Kurt Cobain: Montage of Heck é um documentário obrigatório sobre uma figura que embora dispense apresentações vive na sombra da banda que criou e na penumbra do seu fim trágico. Montage tenta afastar a cortina e dar a conhecer uma das grandes figuras da música mundial. Os pormenores íntimos podem por vezes ser demasiado explícitos e esta exploração sobre a mente de Cobain pode levar-nos a pensar que se calhar estamos a ir demasiado longe, que o próprio artista não gostaria que a sua vida privada fosse revelada desta forma tão crua. No entanto, é provavelmente uma das melhores maneiras de conhecer um dos grandes génio e ícone do grunge.

(Vasco Wilton)

A meu ver, o filme tem qualidade. Vale bastante por ser um filme que mistura entrevistas a pessoas que conviveram com Kurt, vídeos caseiros, reportagens televisivas de entrevistas à banda, diários, desenhos e gravações áudio. É um filme que tem tudo para agradar aos fãs de Nirvana, na medida em que descobrem alguns detalhes novos sobre Kurt, como as várias hipóteses de nome para a banda, por exemplo, mas também as canções da banda em manuscritos.

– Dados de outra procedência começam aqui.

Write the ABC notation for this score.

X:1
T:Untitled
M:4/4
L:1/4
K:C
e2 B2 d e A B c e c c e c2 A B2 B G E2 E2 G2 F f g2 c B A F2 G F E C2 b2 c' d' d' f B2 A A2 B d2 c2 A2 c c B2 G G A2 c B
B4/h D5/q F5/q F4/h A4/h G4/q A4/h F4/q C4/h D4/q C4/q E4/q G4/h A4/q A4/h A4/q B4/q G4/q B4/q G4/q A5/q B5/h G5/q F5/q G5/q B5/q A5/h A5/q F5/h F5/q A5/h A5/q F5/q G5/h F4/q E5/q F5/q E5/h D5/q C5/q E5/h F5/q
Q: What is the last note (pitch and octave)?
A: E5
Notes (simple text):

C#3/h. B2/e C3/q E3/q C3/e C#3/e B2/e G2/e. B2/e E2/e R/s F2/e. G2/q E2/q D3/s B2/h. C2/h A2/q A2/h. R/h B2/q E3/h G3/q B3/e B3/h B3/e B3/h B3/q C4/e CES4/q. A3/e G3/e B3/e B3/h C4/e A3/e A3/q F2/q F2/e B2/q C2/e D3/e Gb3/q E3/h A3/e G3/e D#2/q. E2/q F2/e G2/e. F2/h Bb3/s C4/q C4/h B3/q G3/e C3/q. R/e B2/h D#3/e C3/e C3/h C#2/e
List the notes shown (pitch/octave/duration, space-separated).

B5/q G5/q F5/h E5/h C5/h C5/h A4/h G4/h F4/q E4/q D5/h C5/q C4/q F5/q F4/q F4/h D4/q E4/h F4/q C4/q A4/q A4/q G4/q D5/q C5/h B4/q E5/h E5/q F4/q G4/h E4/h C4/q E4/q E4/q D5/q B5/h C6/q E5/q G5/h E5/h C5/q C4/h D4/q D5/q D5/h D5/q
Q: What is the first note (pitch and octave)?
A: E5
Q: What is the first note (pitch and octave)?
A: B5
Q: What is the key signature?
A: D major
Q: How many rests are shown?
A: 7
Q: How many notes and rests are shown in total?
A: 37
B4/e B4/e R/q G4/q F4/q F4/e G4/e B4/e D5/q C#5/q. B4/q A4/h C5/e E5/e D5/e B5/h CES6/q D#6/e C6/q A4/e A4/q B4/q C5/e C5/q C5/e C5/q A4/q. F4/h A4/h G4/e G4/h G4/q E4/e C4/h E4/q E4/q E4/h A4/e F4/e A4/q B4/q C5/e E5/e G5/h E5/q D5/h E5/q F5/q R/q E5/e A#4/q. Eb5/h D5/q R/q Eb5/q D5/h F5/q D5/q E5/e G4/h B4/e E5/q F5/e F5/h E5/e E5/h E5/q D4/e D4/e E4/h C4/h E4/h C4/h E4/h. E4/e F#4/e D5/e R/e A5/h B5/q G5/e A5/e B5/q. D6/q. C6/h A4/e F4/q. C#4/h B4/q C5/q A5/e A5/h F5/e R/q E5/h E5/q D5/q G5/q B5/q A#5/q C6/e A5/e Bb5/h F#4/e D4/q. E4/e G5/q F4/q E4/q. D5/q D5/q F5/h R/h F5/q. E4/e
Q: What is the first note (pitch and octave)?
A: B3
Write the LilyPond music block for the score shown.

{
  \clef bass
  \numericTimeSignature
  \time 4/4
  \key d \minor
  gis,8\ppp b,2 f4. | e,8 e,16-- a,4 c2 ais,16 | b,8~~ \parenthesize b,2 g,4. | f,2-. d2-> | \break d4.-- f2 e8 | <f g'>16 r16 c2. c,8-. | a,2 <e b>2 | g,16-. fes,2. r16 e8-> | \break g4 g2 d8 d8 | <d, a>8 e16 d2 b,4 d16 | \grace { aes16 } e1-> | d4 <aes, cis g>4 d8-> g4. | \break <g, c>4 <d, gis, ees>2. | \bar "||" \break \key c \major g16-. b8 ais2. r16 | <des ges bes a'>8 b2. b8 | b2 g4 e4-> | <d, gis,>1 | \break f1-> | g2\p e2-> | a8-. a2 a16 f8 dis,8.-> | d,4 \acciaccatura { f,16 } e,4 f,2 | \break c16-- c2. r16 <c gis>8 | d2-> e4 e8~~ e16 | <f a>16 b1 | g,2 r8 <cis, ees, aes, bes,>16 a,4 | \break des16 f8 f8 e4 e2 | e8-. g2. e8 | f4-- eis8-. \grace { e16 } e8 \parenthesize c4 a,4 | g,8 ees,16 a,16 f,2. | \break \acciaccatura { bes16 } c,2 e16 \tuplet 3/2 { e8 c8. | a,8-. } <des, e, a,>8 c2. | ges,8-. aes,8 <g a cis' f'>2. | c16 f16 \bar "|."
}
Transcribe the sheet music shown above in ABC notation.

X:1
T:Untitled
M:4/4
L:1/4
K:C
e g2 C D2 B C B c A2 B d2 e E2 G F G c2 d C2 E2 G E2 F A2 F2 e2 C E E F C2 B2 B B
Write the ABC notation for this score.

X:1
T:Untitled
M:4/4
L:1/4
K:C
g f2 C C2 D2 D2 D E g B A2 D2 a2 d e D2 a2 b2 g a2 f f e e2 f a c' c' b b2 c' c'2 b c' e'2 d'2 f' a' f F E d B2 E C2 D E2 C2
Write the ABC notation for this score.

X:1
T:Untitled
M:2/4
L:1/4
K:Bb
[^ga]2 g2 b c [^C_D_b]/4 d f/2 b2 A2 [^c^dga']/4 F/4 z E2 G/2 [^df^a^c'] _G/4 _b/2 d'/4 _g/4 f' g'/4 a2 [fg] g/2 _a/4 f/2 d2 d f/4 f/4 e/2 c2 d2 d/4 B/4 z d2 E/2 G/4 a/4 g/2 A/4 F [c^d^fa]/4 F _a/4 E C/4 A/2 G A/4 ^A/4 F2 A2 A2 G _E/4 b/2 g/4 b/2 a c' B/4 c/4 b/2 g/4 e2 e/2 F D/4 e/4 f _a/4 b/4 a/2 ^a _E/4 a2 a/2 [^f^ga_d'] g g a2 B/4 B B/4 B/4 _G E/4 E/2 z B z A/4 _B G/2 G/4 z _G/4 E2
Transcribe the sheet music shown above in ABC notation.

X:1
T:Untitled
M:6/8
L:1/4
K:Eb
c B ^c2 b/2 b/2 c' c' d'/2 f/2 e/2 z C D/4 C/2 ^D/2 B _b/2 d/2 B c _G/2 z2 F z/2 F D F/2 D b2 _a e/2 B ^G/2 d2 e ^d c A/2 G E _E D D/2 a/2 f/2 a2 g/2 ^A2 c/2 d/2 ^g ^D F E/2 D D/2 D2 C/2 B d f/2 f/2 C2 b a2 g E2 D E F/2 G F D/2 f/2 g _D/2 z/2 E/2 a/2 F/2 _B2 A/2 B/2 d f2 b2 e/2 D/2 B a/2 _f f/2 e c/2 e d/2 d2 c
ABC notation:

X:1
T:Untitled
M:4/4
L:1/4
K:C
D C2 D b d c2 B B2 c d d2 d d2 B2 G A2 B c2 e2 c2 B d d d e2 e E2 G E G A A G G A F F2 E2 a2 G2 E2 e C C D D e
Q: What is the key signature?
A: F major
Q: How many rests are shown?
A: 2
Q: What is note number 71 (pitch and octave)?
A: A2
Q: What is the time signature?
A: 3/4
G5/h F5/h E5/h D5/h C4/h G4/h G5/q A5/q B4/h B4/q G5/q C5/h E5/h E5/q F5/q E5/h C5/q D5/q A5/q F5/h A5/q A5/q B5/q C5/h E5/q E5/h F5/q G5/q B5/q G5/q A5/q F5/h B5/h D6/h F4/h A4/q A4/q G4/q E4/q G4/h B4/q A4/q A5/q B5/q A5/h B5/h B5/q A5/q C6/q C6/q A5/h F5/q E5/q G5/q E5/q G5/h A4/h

É um documentário razoável no sentido em que peca pelo reduzido número de entrevistados. Apenas aparecem a mãe, o pai, o baixista Krist Novoselic, a mulher Courtney Love, a madrasta e a antiga namorada. Embora gostasse de ver uma maior presença de Krist no filme, pois foi com ele que Kurt Cobain começou os Nirvana. Faltou pelo menos Dave Grohl, o baterista que aparece várias vezes no documentário e amigo de Cobain que está ausente do filme porque o realizador apenas o entrevistou após a edição do filme estar concluída.

Considero que outra das falhas é a total ausência de referências à morte de Cobain, como que ignorando toda a polémica que está em volta deste acontecimento. Podiam por exemplo mostrar a carta que ele deixou ao seu amigo imaginário de criança, Boddah.

Mas o filme tem também pontos positivos, a banda sonora do filme é magnífica ou não fosse ela da autoria dos próprios Nirvana, dado que a história dos Nirvana é a história de Kurt Cobain. Nirvana e Cobain confundem-se e interligam-se ao longo de toda a sua vida. Gostei igualmente de terem começado no início de tudo, desde o nascimento de Kurt e de terem feito o filme de forma cronológica, passando da infância para a adolescência, altura em que passou a consumir drogas. Aliás, o facto de terem falado disso demonstra que não quiseram esconder as partes negativas da vida dele. Gostei também de terem mostrado o lado humano de Kurt, em imagens dele com a filha e as entrevistas onde mostrava que não queria ser um ídolo, nem a voz de uma geração.

No geral é um bom filme sobre a vida e a obra de Kurt Cobain, onde de todas as polémicas apenas deixam de fora a sua morte. É um excelente trabalho do realizador ao montar (sem trocadilho) o filme de modo a que todos os entrevistados tenham o seu momento. Embora um dos melhores amigos de Kurt Cobain, Buzz Osbourne tenha dito que 90% do filme é mentira, dado que segundo Osbourne, Kurt nunca teve tendências suicidas e que não se devia acreditar nas palavras de Courtney Love.

Para mim, que sou fã de Nirvana, considero que há falhas no filme como já referi, mas que nem tudo é mau. Há pontos positivos no filme e isso é importante. De facto o filme foi feito com a aprovação de Courtney e de Frances, por isso terá de passar de certeza uma perspectiva que lhes agrade. Permitiu-me conhecer melhor um dos meus artistas preferidos e gostei do filme, embora estivesse à espera de um pouco mais.